■ TASK BRIEF ■
The response must consist of the lines below from the one with "430 PALM ISLAND" through the one with "кронштейн рулевого редуктора", exactly as they appear and with both ends kept.

*** Opening of GIVEN DATA ***

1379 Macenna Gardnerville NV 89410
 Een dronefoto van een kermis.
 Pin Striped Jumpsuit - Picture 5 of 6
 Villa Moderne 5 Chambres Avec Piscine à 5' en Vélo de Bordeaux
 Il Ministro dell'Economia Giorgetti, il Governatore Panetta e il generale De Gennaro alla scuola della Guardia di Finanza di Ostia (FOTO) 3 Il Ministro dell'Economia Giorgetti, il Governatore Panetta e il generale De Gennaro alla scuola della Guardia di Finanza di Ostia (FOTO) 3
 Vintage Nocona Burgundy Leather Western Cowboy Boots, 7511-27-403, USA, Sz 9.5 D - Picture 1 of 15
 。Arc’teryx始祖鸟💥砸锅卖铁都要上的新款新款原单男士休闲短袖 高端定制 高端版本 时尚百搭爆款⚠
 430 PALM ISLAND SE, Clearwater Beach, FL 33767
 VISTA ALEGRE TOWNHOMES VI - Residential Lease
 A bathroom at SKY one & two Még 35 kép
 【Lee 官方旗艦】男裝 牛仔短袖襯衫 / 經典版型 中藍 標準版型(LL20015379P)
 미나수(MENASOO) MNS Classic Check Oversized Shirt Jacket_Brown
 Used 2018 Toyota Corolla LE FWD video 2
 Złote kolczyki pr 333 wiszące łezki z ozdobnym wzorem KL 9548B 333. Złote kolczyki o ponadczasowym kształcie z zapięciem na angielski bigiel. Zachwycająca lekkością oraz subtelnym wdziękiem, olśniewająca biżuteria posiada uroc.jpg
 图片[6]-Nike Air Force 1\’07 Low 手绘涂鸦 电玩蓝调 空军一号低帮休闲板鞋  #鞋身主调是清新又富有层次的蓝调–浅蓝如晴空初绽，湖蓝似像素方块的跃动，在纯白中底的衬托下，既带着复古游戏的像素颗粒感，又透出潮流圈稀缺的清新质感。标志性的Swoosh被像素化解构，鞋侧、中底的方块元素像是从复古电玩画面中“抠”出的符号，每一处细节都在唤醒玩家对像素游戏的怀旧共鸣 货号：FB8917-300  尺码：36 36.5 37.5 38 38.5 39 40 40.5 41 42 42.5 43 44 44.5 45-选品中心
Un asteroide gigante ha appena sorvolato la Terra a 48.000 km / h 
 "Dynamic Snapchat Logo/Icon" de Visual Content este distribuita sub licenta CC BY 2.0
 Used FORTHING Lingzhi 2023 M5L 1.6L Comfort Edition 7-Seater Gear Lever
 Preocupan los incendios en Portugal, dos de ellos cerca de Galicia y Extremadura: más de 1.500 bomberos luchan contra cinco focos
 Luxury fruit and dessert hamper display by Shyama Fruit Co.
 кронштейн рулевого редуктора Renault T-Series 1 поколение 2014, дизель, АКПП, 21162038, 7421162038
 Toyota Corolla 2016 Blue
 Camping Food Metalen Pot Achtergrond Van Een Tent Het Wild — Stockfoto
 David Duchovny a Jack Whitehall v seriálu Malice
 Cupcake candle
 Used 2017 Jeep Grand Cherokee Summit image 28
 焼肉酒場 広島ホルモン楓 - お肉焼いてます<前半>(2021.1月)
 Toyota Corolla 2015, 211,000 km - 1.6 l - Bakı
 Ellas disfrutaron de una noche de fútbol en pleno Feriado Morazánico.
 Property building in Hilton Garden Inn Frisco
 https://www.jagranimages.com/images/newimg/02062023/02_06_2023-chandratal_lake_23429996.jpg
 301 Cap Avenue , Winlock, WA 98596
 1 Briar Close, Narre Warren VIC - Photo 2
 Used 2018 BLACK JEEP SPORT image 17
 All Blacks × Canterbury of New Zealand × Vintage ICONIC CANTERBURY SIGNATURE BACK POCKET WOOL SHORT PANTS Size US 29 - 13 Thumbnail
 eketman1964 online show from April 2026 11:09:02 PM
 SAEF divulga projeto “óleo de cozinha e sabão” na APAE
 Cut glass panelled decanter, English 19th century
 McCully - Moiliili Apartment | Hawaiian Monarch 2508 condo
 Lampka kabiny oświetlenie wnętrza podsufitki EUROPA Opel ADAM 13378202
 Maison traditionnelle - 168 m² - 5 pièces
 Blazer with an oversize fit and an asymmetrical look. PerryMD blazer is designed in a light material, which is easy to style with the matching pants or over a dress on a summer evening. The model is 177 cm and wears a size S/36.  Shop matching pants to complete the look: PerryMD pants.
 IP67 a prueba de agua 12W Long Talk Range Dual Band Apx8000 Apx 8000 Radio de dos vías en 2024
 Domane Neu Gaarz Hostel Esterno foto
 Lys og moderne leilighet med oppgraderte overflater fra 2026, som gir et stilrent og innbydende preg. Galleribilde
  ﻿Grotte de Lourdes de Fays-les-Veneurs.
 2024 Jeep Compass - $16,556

*** Close of GIVEN DATA ***

■ FINISHED TASK ■
 430 PALM ISLAND SE, Clearwater Beach, FL 33767
 VISTA ALEGRE TOWNHOMES VI - Residential Lease
 A bathroom at SKY one & two Még 35 kép
 【Lee 官方旗艦】男裝 牛仔短袖襯衫 / 經典版型 中藍 標準版型(LL20015379P)
 미나수(MENASOO) MNS Classic Check Oversized Shirt Jacket_Brown
 Used 2018 Toyota Corolla LE FWD video 2
 Złote kolczyki pr 333 wiszące łezki z ozdobnym wzorem KL 9548B 333. Złote kolczyki o ponadczasowym kształcie z zapięciem na angielski bigiel. Zachwycająca lekkością oraz subtelnym wdziękiem, olśniewająca biżuteria posiada uroc.jpg
 图片[6]-Nike Air Force 1\’07 Low 手绘涂鸦 电玩蓝调 空军一号低帮休闲板鞋  #鞋身主调是清新又富有层次的蓝调–浅蓝如晴空初绽，湖蓝似像素方块的跃动，在纯白中底的衬托下，既带着复古游戏的像素颗粒感，又透出潮流圈稀缺的清新质感。标志性的Swoosh被像素化解构，鞋侧、中底的方块元素像是从复古电玩画面中“抠”出的符号，每一处细节都在唤醒玩家对像素游戏的怀旧共鸣 货号：FB8917-300  尺码：36 36.5 37.5 38 38.5 39 40 40.5 41 42 42.5 43 44 44.5 45-选品中心
Un asteroide gigante ha appena sorvolato la Terra a 48.000 km / h 
 "Dynamic Snapchat Logo/Icon" de Visual Content este distribuita sub licenta CC BY 2.0
 Used FORTHING Lingzhi 2023 M5L 1.6L Comfort Edition 7-Seater Gear Lever
 Preocupan los incendios en Portugal, dos de ellos cerca de Galicia y Extremadura: más de 1.500 bomberos luchan contra cinco focos
 Luxury fruit and dessert hamper display by Shyama Fruit Co.
 кронштейн рулевого редуктора Renault T-Series 1 поколение 2014, дизель, АКПП, 21162038, 7421162038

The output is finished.